Judging expertise

One of the reasons researchers focus on experts instead of expertise is that it seems easier to find the one than the other — you can look to community-acclamation, or to the gold medalists, or to people with 2500+ Elo ratings and pick out “experts,” but expertise itself is harder to see — you can’t just rely on outcomes, because expertise is just one of the factors that influence performance.

But is there a way to judge expertise itself? Ideally, independently (to some extent) of outcomes? The expert-performance approach that Ericsson and Smith (1991) advocate— reliably superior performance on domain-representative tasks in a laboratory setting — is one attempt, but it’s far from clearly the best. Representative tasks are not the same as performance in the domain; solving a chess problem is not the same as staring down a game in progress against a skilled opponent, and predicting which way a soccer player will pass when a video is paused is not the same as setting yourself up to intercept that pass in the flow of a World Cup match.

So what would an ecologically valid approach look like? We might say that expertise is exhibited when you’ve got consistently superior performance in the domain across many contexts — so the golfer who wins only once in her career is judged to have less expertise than the one who wins year after year, on different courses, against different opponents, in different weather, etc. This seems like a more accurate approach, but it’s often not practical because the feedback cycles are too long; you can run subjects through scenarios in a lab much faster than you can run full chess or golf tournaments. Additionally, if you extend the evaluation time you aren’t really measuring expertise at any one point, since the subject may be learning as she goes .

Fundamentally, the problem with both approaches is that they’re based solely on outcomes. Ericssonian researchers look at judgements made and actions taken in the lab, measured against some ideal response (chess problems with a known best solution, for instance); ecological researchers look at actual games won and lost. What seems to be missing is a focus on how those outcomes are achieved. We don’t (usually) want to say that a chess player who gets into his opponent’s head and throws them off their game is more expert at chess than the person he beats (though that might be part of someone’s expertise in another domains, like the ability to put opponents on tilt in poker)

How, then, can we factor the methods and mechanisms people use to succeed into our judgements of expertise? Community recognition is one option — we look the people identified as top performers by their peers, relying on the community of practice to capture the history of performances and, implicitly, to be able to identify the underlying factors, the expertise, that led to past successes. Looking to the community also lets us factor in performance across different contexts, which helps minimize the effect of confounding variables.

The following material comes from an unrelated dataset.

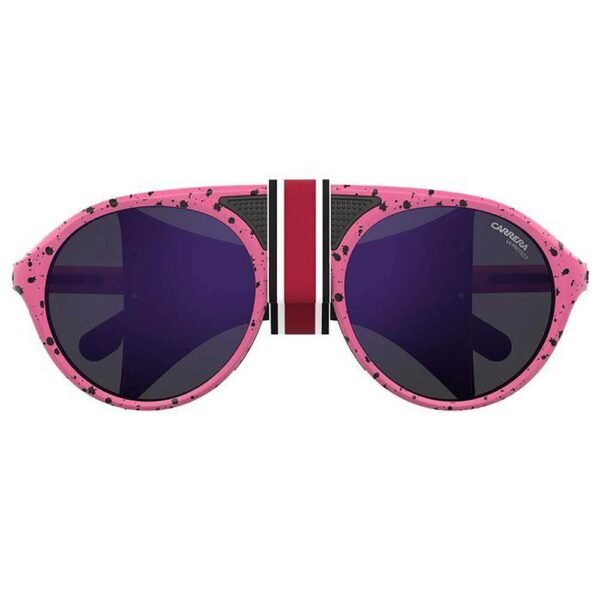 Carrera Pink Acetate Sunglasses - Image 2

A major problem with community recognition, though, is that it is subject to the same stereotypes and biases that afflict our judgements of other people. You see this clearly in the professional sports scout community (who aren’t a peer group for the athletes they judge, but illustrate many of the same benefits and problems of this approach); scouts have a long history of experience watching the top performers in their sport, and of making judgements about the potential of young athletes — but they’re wrong a surprising amount of the time because a kid “doesn’t have the right look,” not seeing the true extent of the underlying expertise (or potential).

This might incline us to swing the pendulum back the other way, and focus more on observable outcomes instead of on the invisible, or “intangible” qualities that, e.g., scouts look for. A pure focus on outcomes can be twisted around to exactly the opposite effect, though. For example: surgeons in some jurisdictions are given ratings based on their patients’ outcomes. The “best” surgeons are those with the lowest mortality, judged (by the press and the public) as the most expert. As it turns out, however, the simple binary of mortality combined with the publicity of the rankings means that the judgements are gameable — in fact, what you see happening in such systems is that cunning surgeons start turning away the most challenging patients for fear that their rating will fall, and the “best” surgeons (by other measures) end up taking more than their share of the hardest cases, which increases their mortality rates, which implies to the world at large that they’re less expert than their peers. This mismatch between judgement and reality can actively harm patients, which is the worst-case outcome.

Sadly, there doesn’t appear to be a universally-best option here. The expert-performance approach is (comparatively) easy; the ecological approach lets us average our jugements over a wide range of contexts; the community approach brings the possibility of understanding how results are achieved beyond just the final outcome.

I think the best option would start by exploring what expertise actually is for a given domain. What are the components — the knowledge, reflexes, and other factors acquired through training — that ground success in, say, playing the cello? And, once we identify those, how can we test for them (in or out of the lab)?